A wood cook stove is a wonderful thing to cook on during the winter but takes a lot of room. A wood cook stove's firebox is really too small to burn large wood in so not so great for heating all night long. Still they are pretty and if I had a larger kitchen/living room I'd consider adding one.

A larger (or smaller) wood heat stove sucks to cook on since the temperature control isn't very precise and takes longer than a cook stove to adjust. Lots of practice (I've been known to put bricks or soapstone on top to moderate the temp). I have 2 wood stoves at opposite ends of the house and they are my primary heat in a solar powered home.

Cooking on either type of stove during the summer isn't realistic so I use a wood fired dome oven out back for everything from smoked butts, bread, or casseroles. In a pinch I can use wood in the charcoal grill for cooking anything in a pan or skillet although I've boiled potatoes and corn in the dome oven.

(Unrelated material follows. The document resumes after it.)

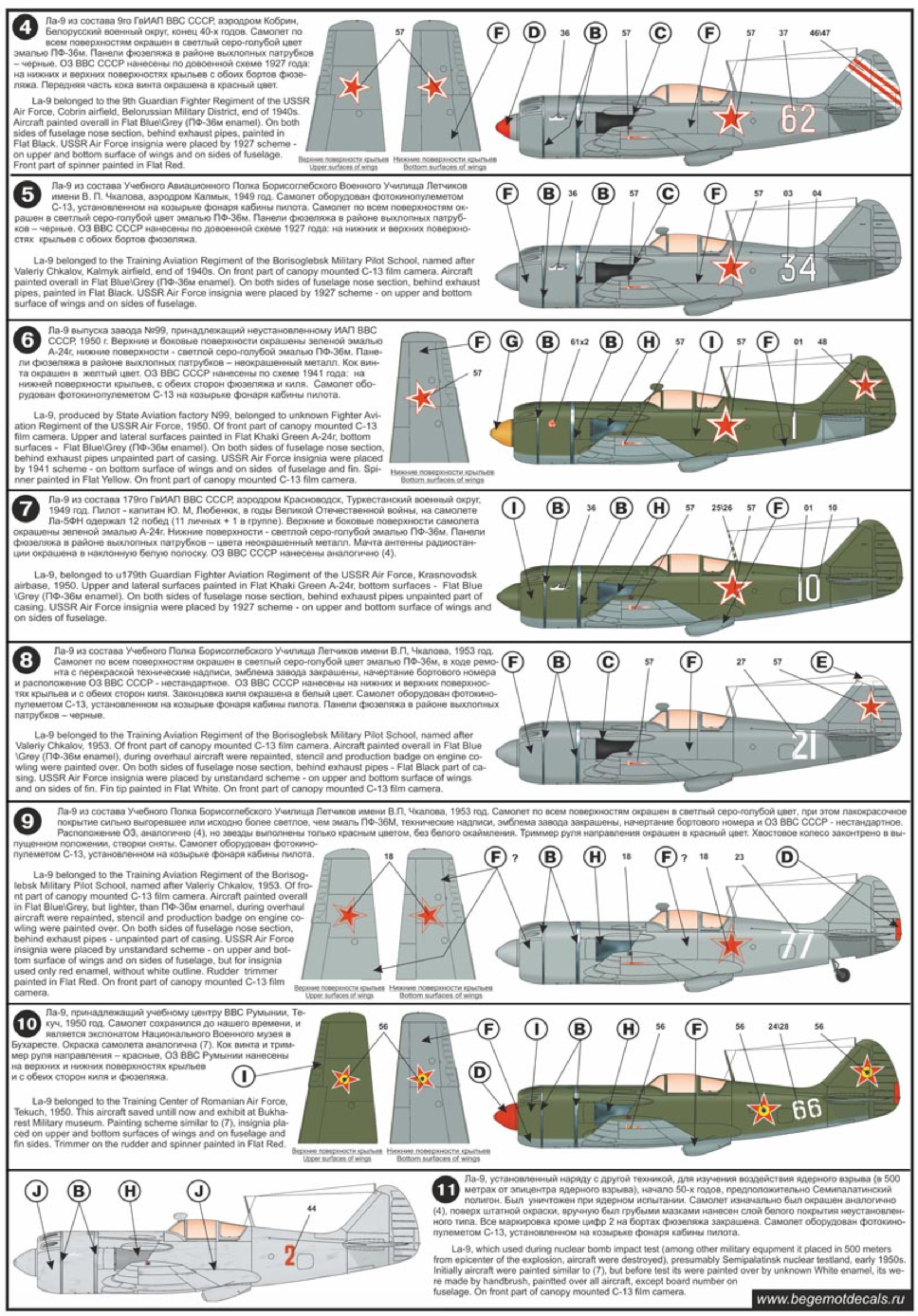 Begemot BT72077 1:72 Lavochkin La-9/La-11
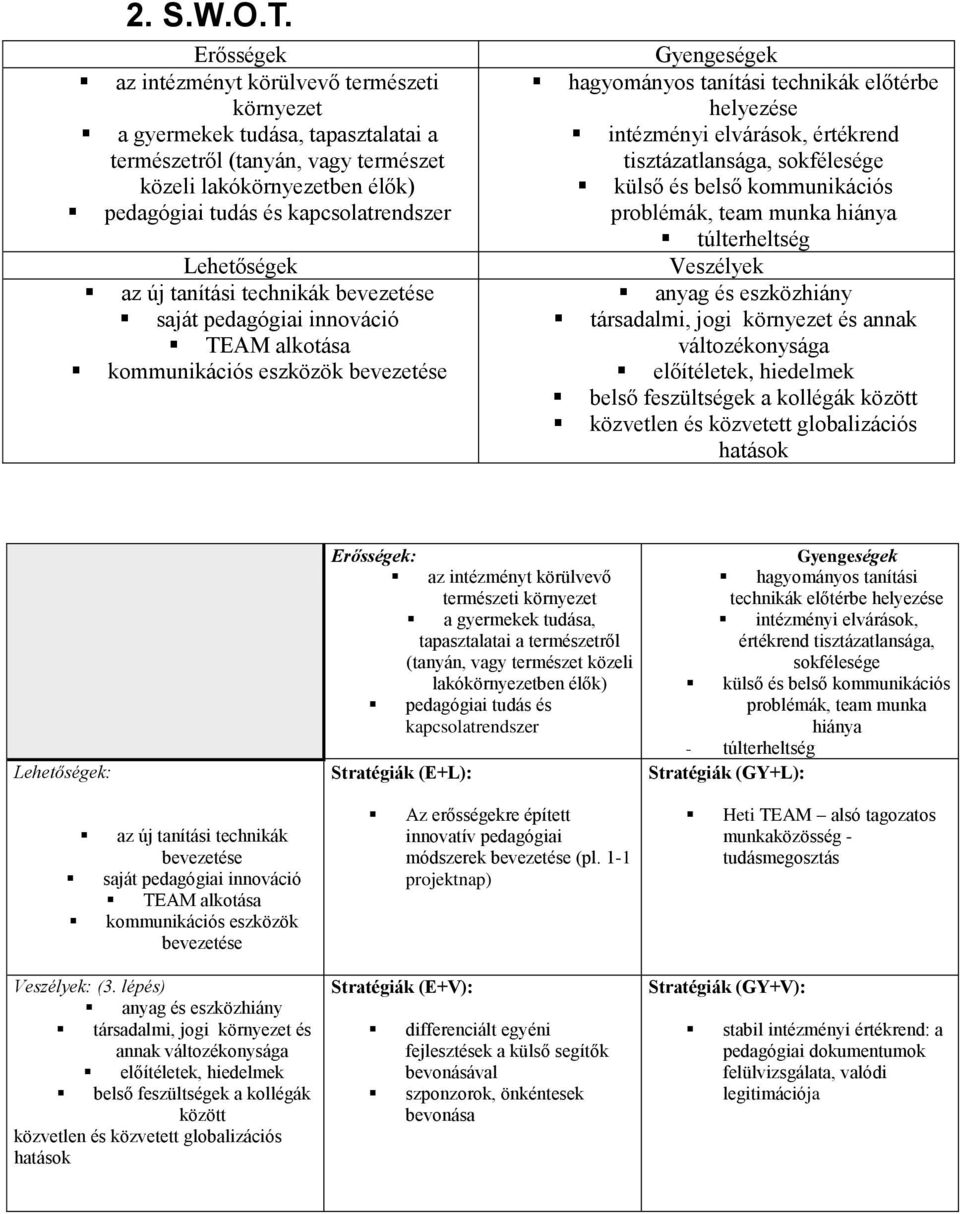 Lehetőségek az új tanítási technikák bevezetése saját pedagógiai innováció TEAM alkotása kommunikációs eszközök bevezetése Gyengeségek hagyományos tanítási technikák előtérbe helyezése intézményi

Don't know about now days but 30 years ago some wood stoves had piping to allow water to be heated as it passed through the stove (I worked for a wood stove company). The problem was that after a few years the piping would crack from the continuous heating and cooling. 

just my 2 cents.


----------



## RJAMES (Dec 23, 2016)

They still do the piping thru the stove for hot water . I agree for cooking in summer would rather use something other than the wood stove. My neighbors use Coleman Green suitcase stoves converted to propane in summer.


----------



## Inor (Mar 22, 2013)

Why not just look for a good wood heat stove? On the house we are building, we chose to go with a HearthStone, but there are plenty of other options available.

https://www.lehmans.com/product/hearthstone-heritage-wood-heat-stove/

Then just spend the insane money that you would have spent on a cook stove and get a much bigger propane tank and continue to have modern conveniences even after SHTF?


----------



## RJAMES (Dec 23, 2016)

My opinion is a cook stove / baking is better to have than just a wood stove that is not easy to cook with and won't work for baking. The bakers choice is about what a heat stove would be looks like about $100. 

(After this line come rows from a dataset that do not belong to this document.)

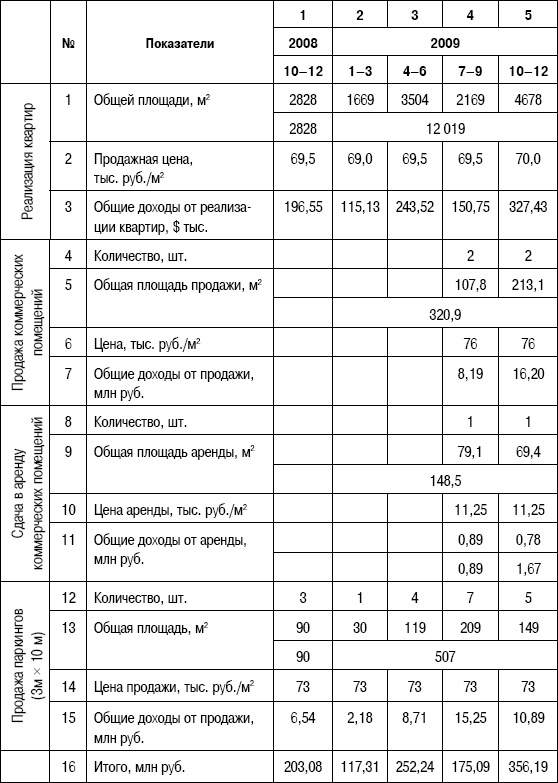 Формирование стоимости и определение эффективности инвестиций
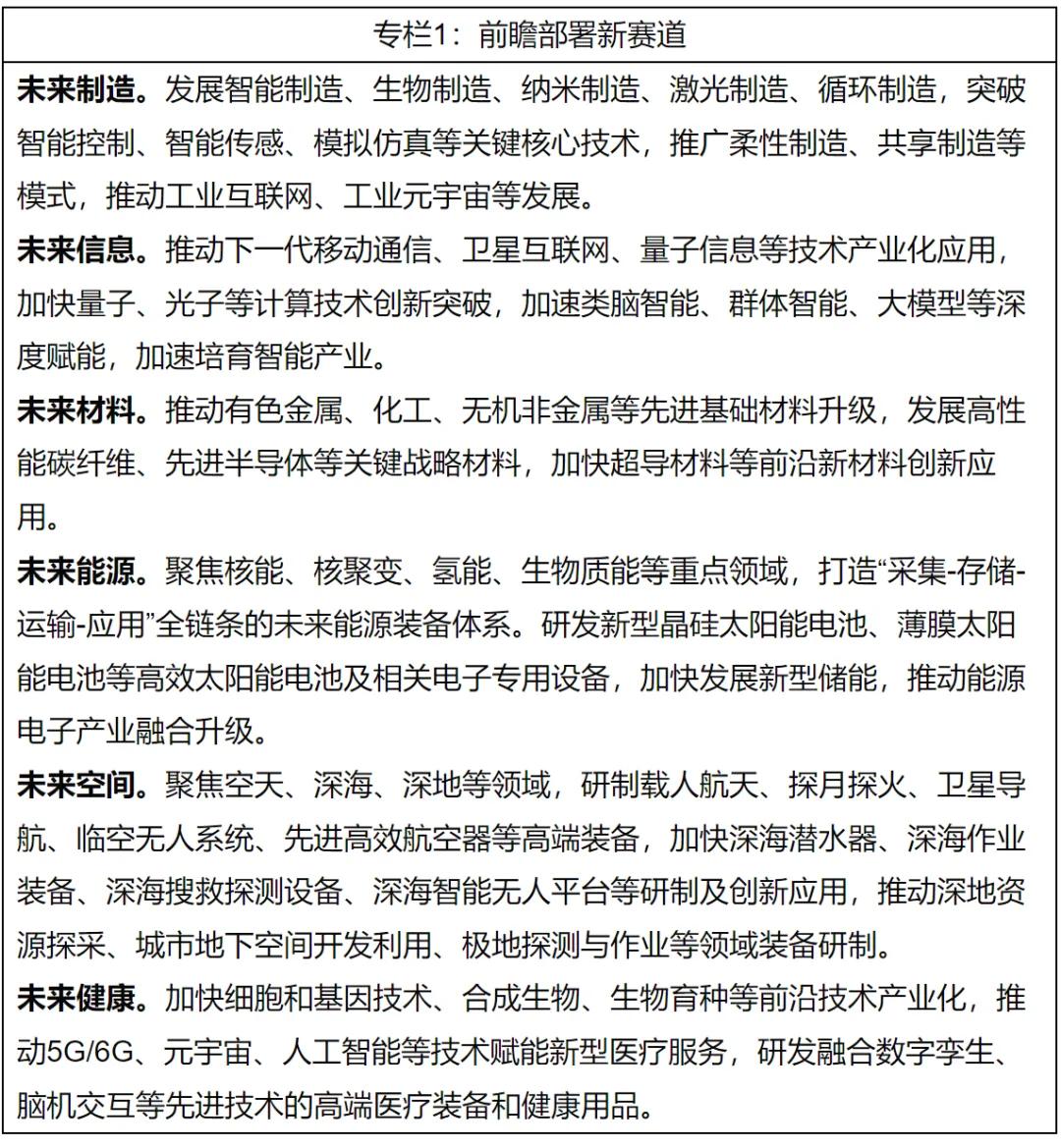 国运之战！这个史无前例的新机构，影响未来30年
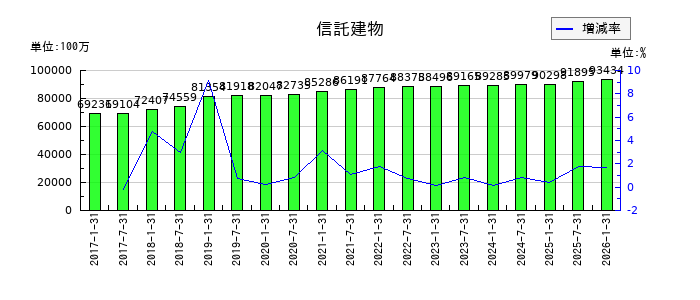 森ヒルズリート投資法人 投資証券の信託建物の推移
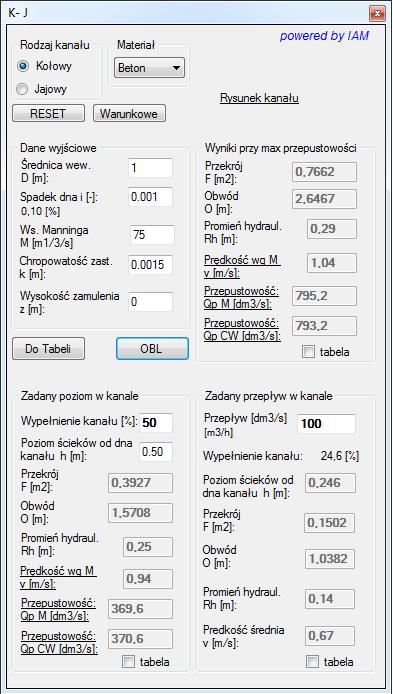 12 Obliczenia Warunkowe dla kanału o przekroju kołowym. Przykładowe rozwiązanie przedstawiono na rys.4. Rys 4.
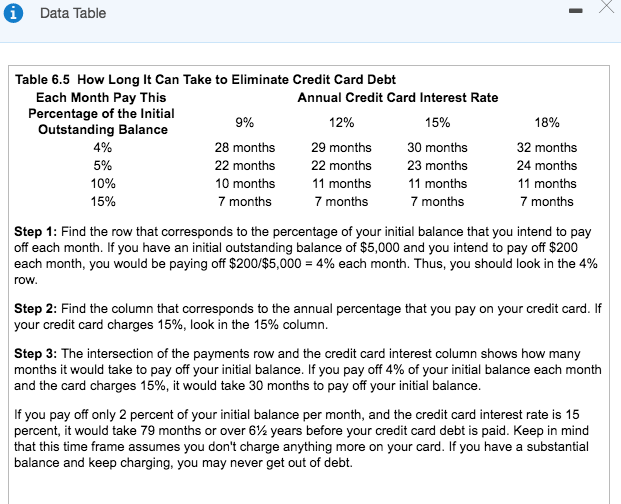 Balance 4% 5% 10% 15% Annual Credit Card Interest Rate 9% 28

Either way in northern areas you got to have a backup heating plan and you might as ell use the heating as a cooking/baking / hot water ..


----------



## Slippy (Nov 14, 2013)

I've got a Cast Iron Stove made by Birmingham Stove and Range Co (formerly Atlanta Stove Works) made in the 1940's that I rehab-ed a few years ago. The model that I own is the "Big Boy Stove"

We put it on the covered back porch so that we could use it in the summer and not heat the house. It was a fun project.

Finding a welder that was qualified to work with Cast Iron was a difficult task, for sure!


----------



## SOCOM42 (Nov 9, 2012)

Mine is homemade, takes 36 inch logs, it is for both heating and cooking.

There is a fire ring, removable for dutch oven insertion. 

There is an elevating insert to use smaller pieces of wood for summer cooking if needed.

I have outside a modified beehive oven for baking bread if needed, summer and fall only.

Have a cap for top of wood stove for baking if needed, has bimetallic spring mech for heat control.


----------



## Smitty901 (Nov 16, 2012)

I have my eye on a big lehman's. Worth every dime . It is a work of art. Have a place for it to go already.


----------



## Mad Trapper (Feb 12, 2014)

I still have one of my grandmothers glenwoods. It's stored but still functional. It has 1/2 wood and oven, and also two propane top burners.

My plan is to use this in the future with the propane burners updated to pizeo instaed of pilots.


----------